Evil doppelgangers are attacking! What is an Evil Twin attack and how to defend against it?

Imagine: you are in the subway and you need to send a message urgently. But for some reason your mobile internet refuses to work. What do users usually do in this case? That’s right – they connect to a public Wi-Fi network and send a message. But they do not even suspect that a seemingly reliable network may turn out to be an “evil double” that will allow attackers to gain access to their information: from network traffic to personal registration data.

Therefore, so that you do not become a victim of the Evil Twin attack (“evil twin”), we want to analyze in detail what it is and give some tips on protection.

Why is the attack called the “evil twin”?

The attacks of the evil twin got their name because of hackers who have learned to imitate legitimate Wi-Fi networks to such an extent that copies become indistinguishable from the originals. Therefore, this type of attack is especially dangerous – victims do not even suspect that they are in the hacker’s network while he collects personal data of users in order to use them for his own purposes.

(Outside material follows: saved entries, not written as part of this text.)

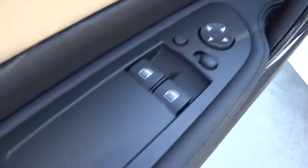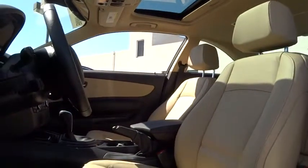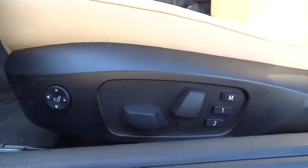Climate control, rear defrost, AM FM stereo radio, cold weather package, fog lamp, CD player, heated steering wheel, power windows, power door locks, MP3 player.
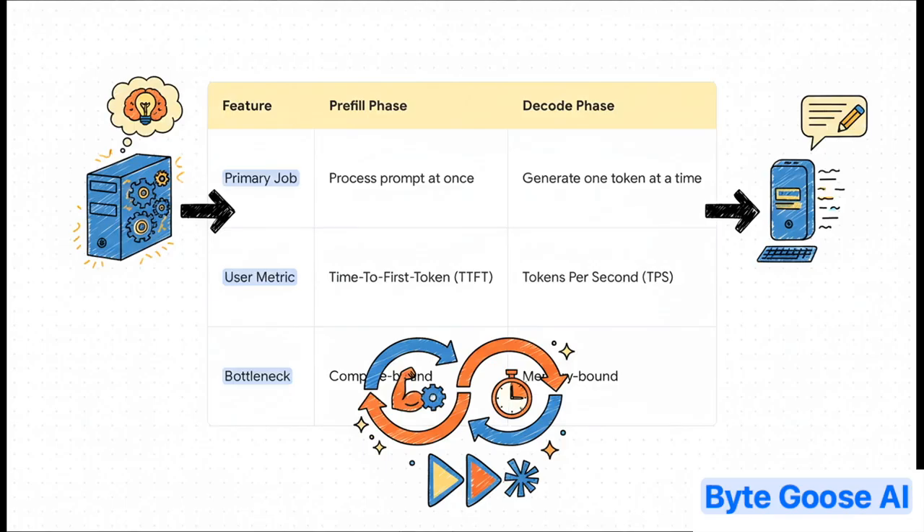Then it shifts gears to the decode phase — this is the typing part. It generates the response one piece at a time, and for each new word it has to grab data from memory. That makes it memory bound. It's all about how fast it can access data. And that, of course, determines your streaming speed, your TPS.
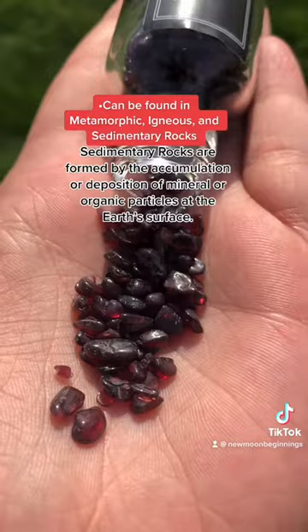In sedimentary rocks, garnet can often be found as soils or sediments that have been formed after being eroded and weathered away from their original host rock.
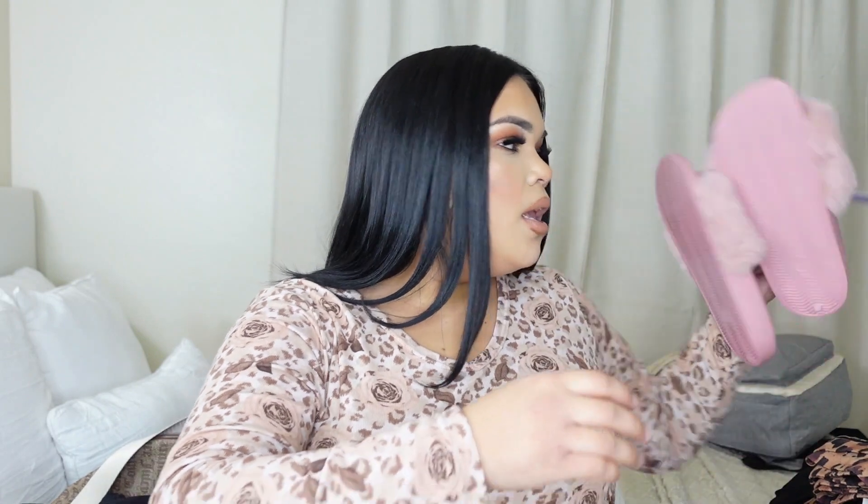I'm also packing these really cute pink fluffy slippers that I found at Target - these were only $18. I did get these a size up because I'm usually a size six but I got these in a size seven or eight because my feet have been so swollen. They expanded - my feet are huge! So I made sure to go a size up to be super comfortable.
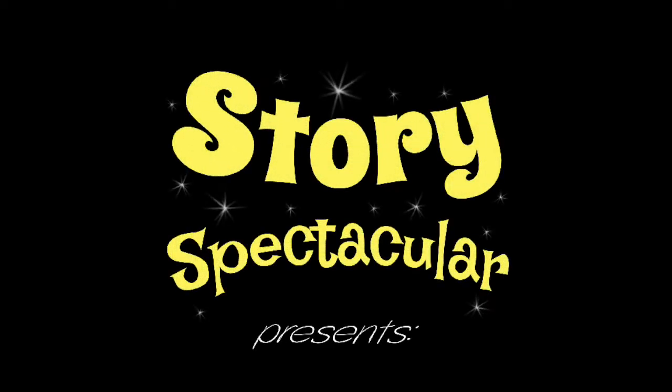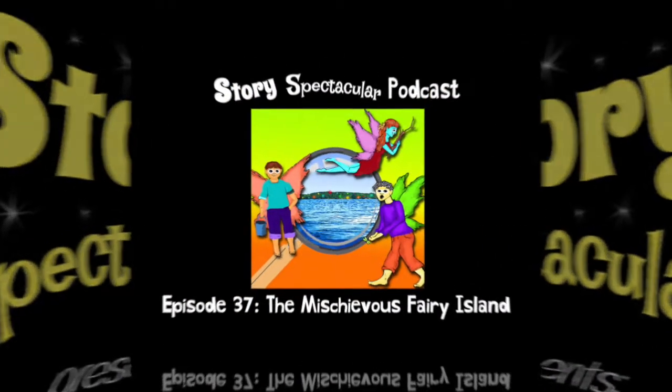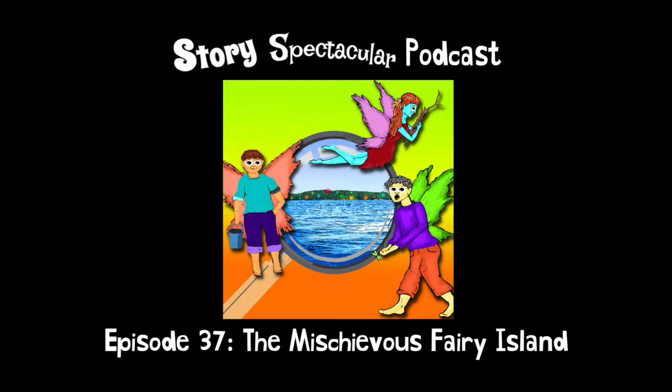Story Spectacular! Today's show is titled The Mischievous Fairy Island. If you enjoy this episode, remember to subscribe to Story Spectacular on Apple Podcasts.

And how does this attack work?

Everything is based on public Wi-Fi networks. The most dangerous “evil doppelganger” attacks make victims think that they are connecting to reliable public networks. Usually the attack proceeds according to the following scenario:

Choosing a place with free Wi-Fi. To carry out such a cyberattack, hackers usually choose popular public places: parks, hotels, cafes, airports. Since there are many other access points with the same names in such places, it is even easier for cybercriminals to hide their activities by “merging with the crowd.”

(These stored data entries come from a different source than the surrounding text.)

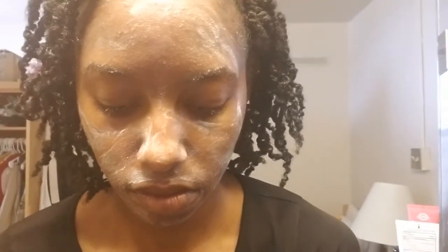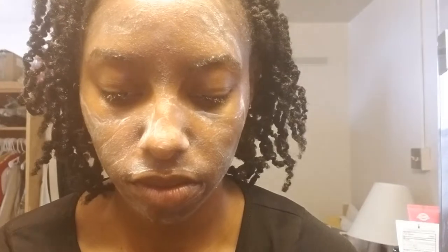Now I take a washcloth and run warm water over it to rinse the cleanser off. I can just feel it taking everything off my face — so refreshing, so awesome.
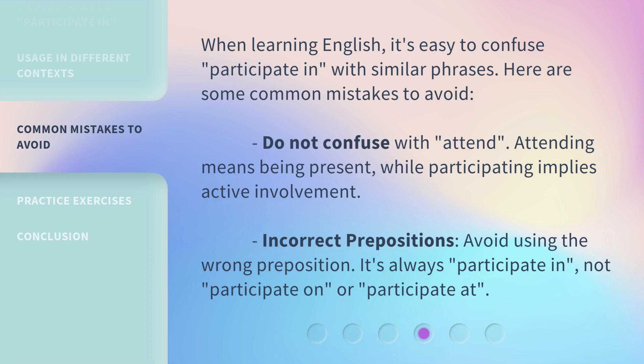Incorrect prepositions: avoid using the wrong preposition. It's always 'participate in,' not 'participate on' or 'participate at.'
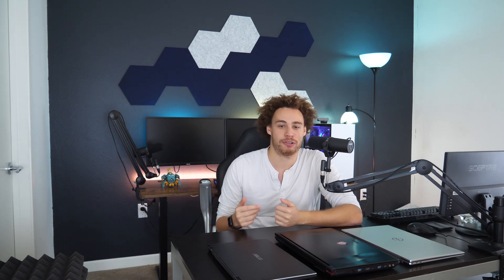A question I get asked a lot is: what is the best computer for hacking? So I thought I'd do a video showing my thoughts on the different kinds of hardware and what I would recommend.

Setting up an access point. After choosing a location, hackers create a new access point using the same network identifier name (SSID) as the original network. To do this, they can use almost any device, including phones, laptops, portable routers and tablets.

Creating a fake connection page. Attackers create a special page for connection (captive portal), with which they deceive users and force them to enter their registration data.

Rapprochement with potential victims. As soon as hackers finish setting up their fake access point and the connection page, they move their device or router closer to potential victims, trying to interrupt the signal of the legitimate network so that the victims choose their access point.

The beginning of surveillance and data theft. After connecting to the “evil double”, the hacker gets the opportunity to track everything that the user does on the Internet: from viewing registration data to connect to their social network accounts to checking bank accounts. If a user logs into any of their accounts when connecting to such a fake network, then a hacker can get these login credentials.